In un ambiente culturale, rivolto al culto dell'antico, nel 1511 pubblicò a Venezia, per i tipi di Giovanni Tacuino, la prima edizione illustrata del De architectura di Vitruvio, poi ristampata in successive edizioni, tra cui quella fiorentina del 1513. La grande importanza di questa edizione, oltre all'accuratezza filologica e tecnica che solo la competenza di Giocondo, letteraria e tecnica allo stesso tempo, poteva dare, era dovuta all'apparato iconografico che per l'opera vitruvina rappresenta la chiave di lettura essenziale. I 136 disegni, riprodotti in xilografia, riguardano sia aspetti architettonici, sia aspetti tecnici, come le macchine di cantiere, che dimostrano la perizia di fra Giocondo.

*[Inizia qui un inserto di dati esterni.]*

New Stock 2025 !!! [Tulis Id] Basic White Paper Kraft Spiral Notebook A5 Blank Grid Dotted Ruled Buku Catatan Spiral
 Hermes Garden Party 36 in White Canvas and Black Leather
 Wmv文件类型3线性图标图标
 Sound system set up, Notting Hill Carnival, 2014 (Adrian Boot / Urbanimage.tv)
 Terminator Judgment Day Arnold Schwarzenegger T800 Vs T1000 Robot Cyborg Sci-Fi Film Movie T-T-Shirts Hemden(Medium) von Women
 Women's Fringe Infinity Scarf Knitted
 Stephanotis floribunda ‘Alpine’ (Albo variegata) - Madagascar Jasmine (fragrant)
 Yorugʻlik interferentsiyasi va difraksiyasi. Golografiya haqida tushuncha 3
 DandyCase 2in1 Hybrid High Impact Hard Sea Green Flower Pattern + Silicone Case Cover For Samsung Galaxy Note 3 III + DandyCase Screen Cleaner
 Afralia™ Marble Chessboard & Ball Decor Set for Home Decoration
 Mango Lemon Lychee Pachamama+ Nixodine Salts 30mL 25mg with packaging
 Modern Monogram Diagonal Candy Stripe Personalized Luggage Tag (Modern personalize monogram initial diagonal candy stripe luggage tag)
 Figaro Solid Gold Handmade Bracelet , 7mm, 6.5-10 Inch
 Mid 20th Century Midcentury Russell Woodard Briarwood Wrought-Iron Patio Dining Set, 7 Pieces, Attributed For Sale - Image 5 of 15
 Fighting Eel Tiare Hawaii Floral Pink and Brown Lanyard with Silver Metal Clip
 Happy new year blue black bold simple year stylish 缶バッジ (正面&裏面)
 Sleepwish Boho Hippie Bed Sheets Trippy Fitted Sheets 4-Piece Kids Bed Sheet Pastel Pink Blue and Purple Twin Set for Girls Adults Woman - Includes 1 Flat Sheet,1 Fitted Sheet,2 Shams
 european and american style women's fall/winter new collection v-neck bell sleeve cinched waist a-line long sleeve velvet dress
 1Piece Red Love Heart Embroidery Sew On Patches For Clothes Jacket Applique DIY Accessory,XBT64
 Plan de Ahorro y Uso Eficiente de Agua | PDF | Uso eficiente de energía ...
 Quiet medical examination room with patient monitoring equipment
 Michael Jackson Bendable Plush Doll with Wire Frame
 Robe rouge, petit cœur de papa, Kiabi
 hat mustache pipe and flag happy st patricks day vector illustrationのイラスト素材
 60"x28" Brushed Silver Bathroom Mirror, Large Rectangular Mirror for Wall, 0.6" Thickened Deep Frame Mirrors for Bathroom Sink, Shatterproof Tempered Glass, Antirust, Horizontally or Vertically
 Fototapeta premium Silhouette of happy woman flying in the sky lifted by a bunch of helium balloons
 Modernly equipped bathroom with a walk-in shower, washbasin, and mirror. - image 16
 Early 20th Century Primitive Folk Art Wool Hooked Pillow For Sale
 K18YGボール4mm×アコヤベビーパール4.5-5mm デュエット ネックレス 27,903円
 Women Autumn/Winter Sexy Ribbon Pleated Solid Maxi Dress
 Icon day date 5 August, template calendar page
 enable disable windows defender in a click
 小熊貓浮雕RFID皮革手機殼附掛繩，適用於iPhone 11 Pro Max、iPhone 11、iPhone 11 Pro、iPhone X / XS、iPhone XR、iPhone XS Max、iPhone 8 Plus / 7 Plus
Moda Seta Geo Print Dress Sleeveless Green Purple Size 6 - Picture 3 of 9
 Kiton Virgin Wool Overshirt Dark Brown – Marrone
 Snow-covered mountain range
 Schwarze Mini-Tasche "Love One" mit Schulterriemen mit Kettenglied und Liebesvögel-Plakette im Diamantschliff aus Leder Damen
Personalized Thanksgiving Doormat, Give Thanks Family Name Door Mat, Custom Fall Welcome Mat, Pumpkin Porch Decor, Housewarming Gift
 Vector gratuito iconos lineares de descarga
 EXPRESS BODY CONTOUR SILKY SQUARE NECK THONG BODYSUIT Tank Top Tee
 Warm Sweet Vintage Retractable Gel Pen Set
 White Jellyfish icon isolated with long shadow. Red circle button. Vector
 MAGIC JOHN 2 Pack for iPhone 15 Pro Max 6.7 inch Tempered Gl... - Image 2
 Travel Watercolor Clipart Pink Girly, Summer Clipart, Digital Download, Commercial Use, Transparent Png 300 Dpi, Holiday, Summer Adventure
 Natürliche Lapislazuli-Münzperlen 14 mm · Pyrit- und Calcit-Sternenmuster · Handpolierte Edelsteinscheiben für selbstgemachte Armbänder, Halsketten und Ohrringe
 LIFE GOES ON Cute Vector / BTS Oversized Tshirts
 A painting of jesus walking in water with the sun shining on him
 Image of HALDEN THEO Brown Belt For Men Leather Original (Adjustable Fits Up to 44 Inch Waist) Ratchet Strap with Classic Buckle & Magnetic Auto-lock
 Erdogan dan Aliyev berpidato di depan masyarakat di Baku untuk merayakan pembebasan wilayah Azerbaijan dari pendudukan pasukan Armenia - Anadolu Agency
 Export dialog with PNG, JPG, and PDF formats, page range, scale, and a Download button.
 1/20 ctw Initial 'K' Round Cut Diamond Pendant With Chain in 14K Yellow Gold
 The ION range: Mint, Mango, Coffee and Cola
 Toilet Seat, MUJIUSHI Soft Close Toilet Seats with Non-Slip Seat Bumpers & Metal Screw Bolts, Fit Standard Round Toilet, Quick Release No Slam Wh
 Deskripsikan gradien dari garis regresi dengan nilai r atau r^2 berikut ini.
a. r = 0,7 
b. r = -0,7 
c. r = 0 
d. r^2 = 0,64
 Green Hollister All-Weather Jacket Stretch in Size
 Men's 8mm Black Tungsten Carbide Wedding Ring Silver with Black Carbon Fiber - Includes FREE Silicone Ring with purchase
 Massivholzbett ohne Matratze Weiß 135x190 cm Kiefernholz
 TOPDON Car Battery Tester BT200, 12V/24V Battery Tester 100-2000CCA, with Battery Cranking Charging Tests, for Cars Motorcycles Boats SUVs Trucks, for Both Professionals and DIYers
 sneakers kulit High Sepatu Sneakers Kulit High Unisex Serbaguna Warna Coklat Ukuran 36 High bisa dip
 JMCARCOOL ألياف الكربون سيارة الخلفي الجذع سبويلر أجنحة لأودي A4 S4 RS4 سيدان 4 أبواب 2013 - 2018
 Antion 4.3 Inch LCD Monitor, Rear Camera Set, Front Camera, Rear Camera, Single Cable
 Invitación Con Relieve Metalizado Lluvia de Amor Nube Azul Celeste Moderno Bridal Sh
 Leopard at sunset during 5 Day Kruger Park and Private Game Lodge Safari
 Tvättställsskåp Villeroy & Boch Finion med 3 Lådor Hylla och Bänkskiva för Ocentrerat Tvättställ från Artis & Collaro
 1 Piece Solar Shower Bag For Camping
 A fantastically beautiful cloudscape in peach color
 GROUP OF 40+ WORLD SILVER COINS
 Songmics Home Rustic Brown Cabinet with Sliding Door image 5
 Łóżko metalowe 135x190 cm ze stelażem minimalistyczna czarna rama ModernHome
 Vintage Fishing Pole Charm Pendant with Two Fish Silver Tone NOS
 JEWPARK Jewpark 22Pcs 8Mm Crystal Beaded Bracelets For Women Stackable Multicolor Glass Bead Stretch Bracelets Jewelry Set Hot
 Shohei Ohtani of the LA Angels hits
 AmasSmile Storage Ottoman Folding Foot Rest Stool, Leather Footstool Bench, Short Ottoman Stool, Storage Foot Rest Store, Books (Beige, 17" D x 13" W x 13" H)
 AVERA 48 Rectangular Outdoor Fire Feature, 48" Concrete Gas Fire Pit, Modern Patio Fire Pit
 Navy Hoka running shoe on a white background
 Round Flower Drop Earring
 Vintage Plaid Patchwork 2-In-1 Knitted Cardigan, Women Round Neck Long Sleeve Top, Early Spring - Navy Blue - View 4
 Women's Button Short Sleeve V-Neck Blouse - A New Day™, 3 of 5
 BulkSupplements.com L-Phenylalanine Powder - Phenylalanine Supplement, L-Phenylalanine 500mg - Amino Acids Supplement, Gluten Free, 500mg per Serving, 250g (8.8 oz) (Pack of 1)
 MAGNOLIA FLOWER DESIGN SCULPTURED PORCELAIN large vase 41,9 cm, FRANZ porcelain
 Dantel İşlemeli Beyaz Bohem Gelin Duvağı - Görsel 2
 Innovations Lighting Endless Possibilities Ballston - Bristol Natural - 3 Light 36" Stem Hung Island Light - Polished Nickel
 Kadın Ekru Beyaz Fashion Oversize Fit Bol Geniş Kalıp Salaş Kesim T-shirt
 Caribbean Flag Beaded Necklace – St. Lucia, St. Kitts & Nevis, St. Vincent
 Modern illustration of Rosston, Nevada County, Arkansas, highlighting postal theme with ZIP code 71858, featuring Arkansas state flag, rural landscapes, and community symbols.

Oltre a Vitruvio, Giocondo curerà la pubblicazione di varie opere di autori latini come Cesare, Columella, Plinio e altri, in collaborazione con Aldo Manuzio. Nel 1503 pubblicò la traduzione latina del Mundus Novus di Amerigo Vespucci[14].
Nel 1514 partecipò al concorso per la ricostruzione del ponte di Rialto con un progetto molto lodato da Vasari, secondo il quale, fra Giocondo, sdegnato dalla preferenza accordata ad un altro progetto lasciò la Serenissima per andare a Roma dove peraltro, già nel novembre 1513, ormai ottantenne era stato nominato magister operis e in effetti, consulente di Raffaello, primo architetto della fabbrica di San Pietro, in un momento chiave della vicenda costruttiva, quando, morto Bramante, si trattava di dare una forma definitiva e più spaziosa al grande tempio. Fra Giocondo partecipa al dibattito proponendo un suo progetto.[15] Nel 1515 morì a Roma, ma anche su questo si hanno pochissime notizie, tanto che Vasari scrive: « [...] morì finalmente vecchissimo, ma non si sa in che tempo appunto, né in che luogo, e per conseguenza né dove fusse sotterrato [...]».[5]
Altrettanto incerte delle note biografiche, sono anche le attribuzioni di opere di architettura.